Read More (Greg Smith, LinkedIn)
Daily Blog #805: Mount That Thing!
David Cowen spotlights Hal Pomeranz’s open-source tool Mount That Thing (MTT) in his latest Daily Blog, offering a powerful solution for digital forensic analysts working with Linux disk images. Designed to streamline the mounting of complex LVM structures that many commercial tools struggle with, MTT automates detection, mounting, and export of partitions from E01 or raw images. The script ensures read-only, forensic-safe operations, supports multiple file systems, and includes features for exporting to E01 format and safely unmounting all resources. With audit logging and optional segmentation for exports, MTT is positioned as an essential utility for Linux forensics.
Read More (Hacking Exposed Computer Forensics Blog)

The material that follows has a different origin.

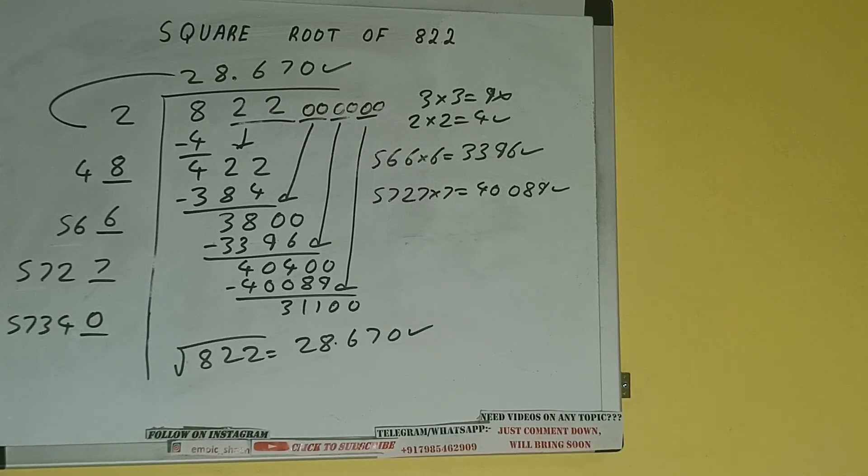So this is all about the square root of 822. If you found the video helpful, please hit the like button, do consider subscribing, and thanks for watching.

Title of Study: Neurodivergence, Mental Health, and Stress in DFIs
A new study explores the relationship between neurodivergence, secondary traumatic stress, coping mechanisms, compassion satisfaction, and mental health in Digital Forensic Investigators (DFIs). Open to anyone currently working as a DFI, the online survey invites participants to anonymously share their experiences and perspectives, regardless of whether they identify as neurodivergent. Conducted by MSc student Chloe Mchugh under the supervision of Dr Fiona Gullon-Scott, the study aims to address gaps in current research and improve understanding of how neurodivergence may impact workplace stress and coping strategies. Ethical approval has been granted, and participants can withdraw at any point before submission.
Read More (Newcastle University, School of Psychology)
DF/IR was built in a garage
Brett Shavers’ new blog issues a clear and urgent message: digital forensics and incident response (DF/IR) professionals must define their own standards before external regulators do it for them. Tracing DF/IR’s roots to grassroots “garage forensics,” he emphasizes the importance of practitioner-driven innovation while acknowledging the growing need for practical, defensible guidance. With policy-makers and legal advisors eyeing the field, the blog highlights the fragmented nature of current efforts—spread across labs, vendors, academia, and certifying bodies—and calls for a united, community-led approach to shaping the future of DF/IR before it’s shaped by those who don’t understand the work.
Introducing ‘Spidernet’ – a smart tech tool to tackle digital crime
A team of computing and criminology experts from the University of Portsmouth and the University of Winchester has developed SpiderNet, a prototype digital forensics tool that could revolutionize the investigation of online crimes. Unveiled in Future Internet 2025, SpiderNet leverages cloud computing to trace digital “DNA” across smart devices, helping identify owners and recover deleted or hidden data—even from remote cloud storage. Inspired by the structure of interconnected data centers, the framework introduces a real-time alert system to flag illegal activity, tampering, or cloned devices. With future development and AI integration, SpiderNet could be adopted by law enforcement, intelligence agencies, and the military to tackle emerging digital threats.